Exercise goal. Reproduce the material that follows, please, but only from its first line to the line containing "Bulbasaur - Pokemon", inclusive.

Supplied records.
Segment Open
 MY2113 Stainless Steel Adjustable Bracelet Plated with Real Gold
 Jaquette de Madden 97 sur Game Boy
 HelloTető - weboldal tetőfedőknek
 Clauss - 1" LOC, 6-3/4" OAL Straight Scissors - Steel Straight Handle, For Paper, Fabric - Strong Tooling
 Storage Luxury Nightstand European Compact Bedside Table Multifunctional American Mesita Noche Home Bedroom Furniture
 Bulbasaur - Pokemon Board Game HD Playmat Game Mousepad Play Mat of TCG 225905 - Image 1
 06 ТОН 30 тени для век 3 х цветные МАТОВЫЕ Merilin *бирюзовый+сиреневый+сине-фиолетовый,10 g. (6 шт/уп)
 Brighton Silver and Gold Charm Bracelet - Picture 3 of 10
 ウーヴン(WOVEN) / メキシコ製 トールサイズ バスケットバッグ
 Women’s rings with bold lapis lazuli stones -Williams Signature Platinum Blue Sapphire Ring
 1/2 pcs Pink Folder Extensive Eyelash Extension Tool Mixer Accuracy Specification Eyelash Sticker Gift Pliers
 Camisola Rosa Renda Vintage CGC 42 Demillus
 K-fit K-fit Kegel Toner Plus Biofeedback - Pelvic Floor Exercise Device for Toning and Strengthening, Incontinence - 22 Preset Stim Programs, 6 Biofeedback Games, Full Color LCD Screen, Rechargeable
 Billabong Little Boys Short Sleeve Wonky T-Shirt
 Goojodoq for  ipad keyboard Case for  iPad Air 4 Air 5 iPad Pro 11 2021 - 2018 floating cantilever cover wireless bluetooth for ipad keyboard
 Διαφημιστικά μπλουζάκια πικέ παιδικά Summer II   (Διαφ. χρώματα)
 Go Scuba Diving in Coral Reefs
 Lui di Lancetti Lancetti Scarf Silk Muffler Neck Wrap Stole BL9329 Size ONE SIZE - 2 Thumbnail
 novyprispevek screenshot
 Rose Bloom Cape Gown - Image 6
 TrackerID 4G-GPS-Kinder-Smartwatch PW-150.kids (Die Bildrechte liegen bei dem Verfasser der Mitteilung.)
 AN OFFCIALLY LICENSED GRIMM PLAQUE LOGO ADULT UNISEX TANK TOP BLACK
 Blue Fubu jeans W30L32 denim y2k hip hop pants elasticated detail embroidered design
Segment Closed
Answer section.
 MY2113 Stainless Steel Adjustable Bracelet Plated with Real Gold
 Jaquette de Madden 97 sur Game Boy
 HelloTető - weboldal tetőfedőknek
 Clauss - 1" LOC, 6-3/4" OAL Straight Scissors - Steel Straight Handle, For Paper, Fabric - Strong Tooling
 Storage Luxury Nightstand European Compact Bedside Table Multifunctional American Mesita Noche Home Bedroom Furniture
 Bulbasaur - Pokemon Board Game HD Playmat Game Mousepad Play Mat of TCG 225905 - Image 1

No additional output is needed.